Intraprendere un percorso di Vita Indipendente è una possibilità conosciuta tra le persone con disabilità?
La possibilità di costruire una Vita Indipendente non è conosciuta ancora a fondo da chi ha una disabilità. Questo secondo me deriva dalla cultura italiana, ancora legata all’assistenzialismo familiare. Dopo il boom negli anni ’90 di comunità – famiglie e centri diurni, c’è stato un cambiamento sociale che ha portato all’isolamento e alla chiusura. Questo ha fatto sì che le informazioni non arrivino correttamente a tutti. In questo passaggio hanno una grande responsabilità sia i servizi sociali ma anche le associazioni come UILDM. Dobbiamo essere attivi, chiari e concreti. Con questo voglio dire che bisogna attivarsi su più fronti. Organizzare convegni, creare community, ad esempio. Nel mio piccolo anch’io ho cercato di dare informazioni a chi mi ha chiesto come poteva organizzarsi, e mi ha dato molta soddisfazione. Informazione per me è anche creare una riflessione a livello nazionale, per domandarsi come vogliamo gestire questa situazione.

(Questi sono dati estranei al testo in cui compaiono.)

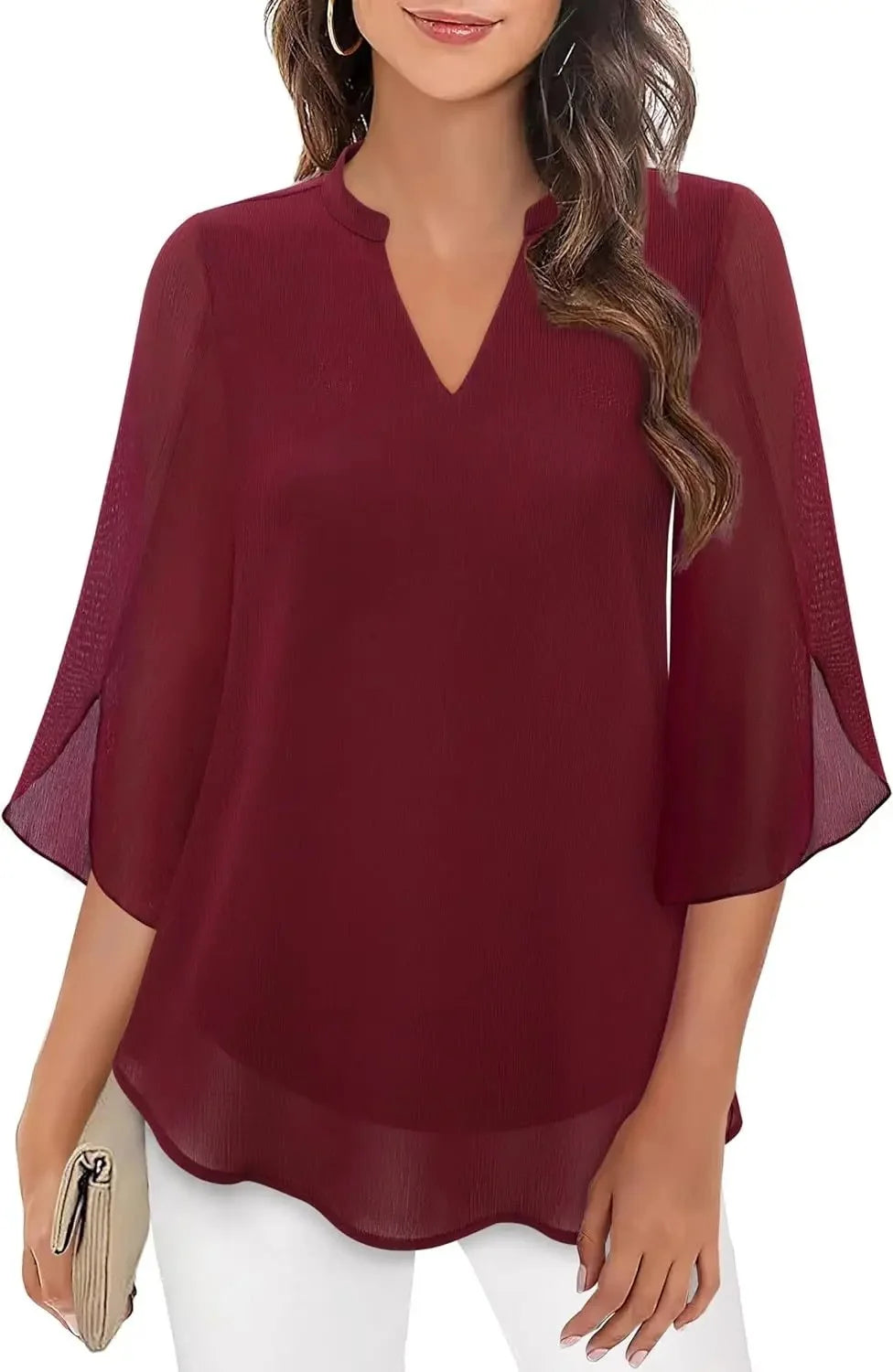 FlowEase™ Elegant Chiffon Blouse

Cosa significa indipendenza?
Per me indipendenza è cosa posso o non voglio fare, in ogni momento della giornata. È avere qualcuno a cui posso riferirmi per potermi organizzare. Vuol dire anche sganciarsi dalla famiglia e imparare a misurarsi. Io ho avuto la fortuna di nascere in una famiglia che è sempre stata sensibile ai temi sociali. Con UILDM ho proseguito la strada. Ho intrapreso anche un percorso con una psicologa, per capire a fondo quali sono i miei desideri, cosa voglio effettivamente realizzare.